Risky loans - alive and well

Option ARMs remain an option. Despite problems in the mortgage market, brokers say lenders are still willing to make risky loans - including those that allow borrowers to make monthly payments that don't even cover the interest (so-called "option ARMs").

Also still widely available are "no-doc" loans, which require no income verification, and mortgages with no downpayment.

All of those loans fall into the so-called Alternative-A or Alt-A mortgage market, which caters to people with average credit scores who want riskier mortgages and has been one of the fastest growing segments of the home loan business in recent years.

Jim Moore, a mortgage broker in Grand Rapids, Michigan who also writes about mortgages for Miamibeach411.com, said he recently completed a $3 million refinance on a second home for a borrower who was out of work. "This wasn't even a no-documentation loan," says Moore. "This was a no-income loan, and the lender knew it."



Other brokers say they haven't had to turn away customers, either. George Duartes, who is the president of Fremont, Calif.-based Horizon Financial Associates, says his firm continues to be able to find banks who want to lend to the 30 percent of his clients who fall into the Alt-A category. "So far those clients have been able to get the loans they wanted," said Duartes.
Losses in loans made to the riskiest borrowers have raised fears that lenders would cease making many of the exotic loans that have become popular over the past few years. Nearly 40 percent of all loans made in 2006 fell into the subprime or Alt-A category.

Like most mortgages, Alt-A loans are sold by lenders to Wall Street investments banks, which package those loans into bonds called mortgage-backed securities. Mortgage-backed bonds are then sold to investors. Bonds based on he Alt-A loans are potentially riskier because in many cases borrowers do not prove their income, or have very little invested in their house.

In early March, rising delinquencies caused a dramatic sell off in the bonds backed by mortgages to the borrowers with poor credit quality.
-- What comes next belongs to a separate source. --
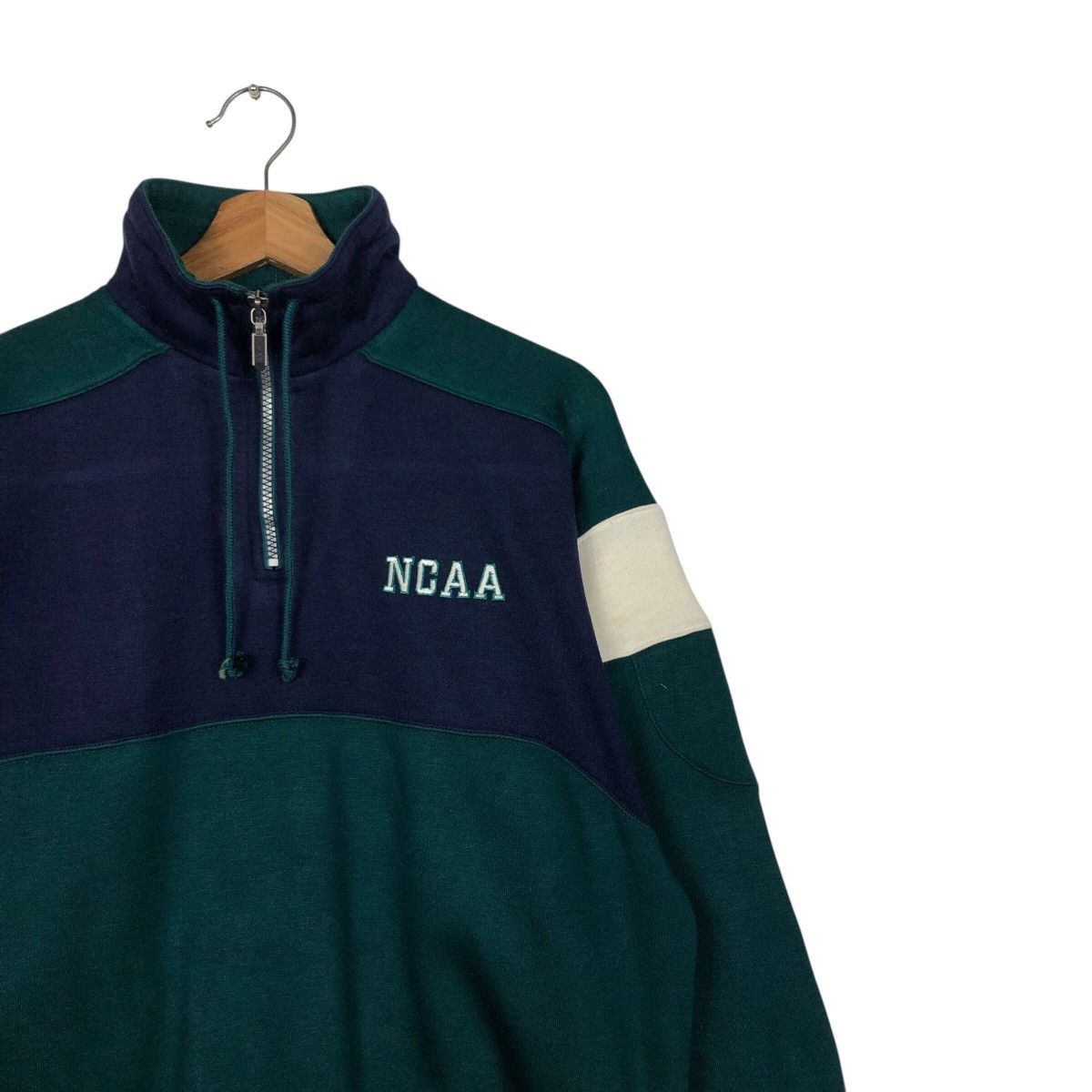 Vintage 📌Vintage Half Zipper Collar Ncaa Descente Big Logo Size US S / EU 44-46 / 1 - 7 Thumbnail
Analysts predicted that the investor distaste for those mortgages would spread into the Alt-A market as well. Indeed, in the past week two New York lenders American Home Mortgage and M&T Bank said they would pull back from making loans to the Alt-A market because investors were willing to pay less for those securities.

But mortgage bond traders say investors, who seemed nervous about the bonds a month ago, in the past few weeks have been coming back to the market. "We are seeing demand for these bonds picking up again," said a bond trader at one of the largest mortgage lenders in the country. He said yields, which rise with investor concerns, on most Alt-A bonds are up less than one tenth of a percent.
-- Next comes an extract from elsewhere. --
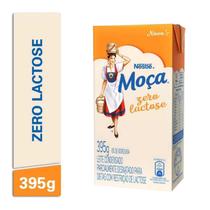Leite Condensado Moça Zero Lactose Caixinha 395g kit com 2 unidades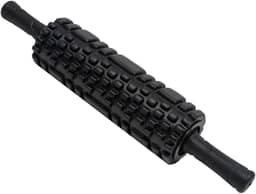 Rolo de Massagem Foam Roller com Bastão Liberação Miofascial Premium Rubber Fit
And George Hanzimanolis, who is president-elect of the National Association of Mortgage Brokers, says that while lenders in some instances are requiring higher credit scores and larger downpayments, it is only the riskiest of all loans that they are ceasing to make. "What lenders don't want to do anymore is layer their risks," says Hanzimanolis. "Most lenders have walked away from doing a pay option ARM mortgage when the borrower is just stating their income."
The problem is what may be good news for borrowers for, might have consequences down the road for lenders and investors. "We are going to see a lot of people lose lots of money in the Atl-A market," says Richard Bove, an analyst at Punk Ziegel. "Whatever pull back is happening is just happening for the moment."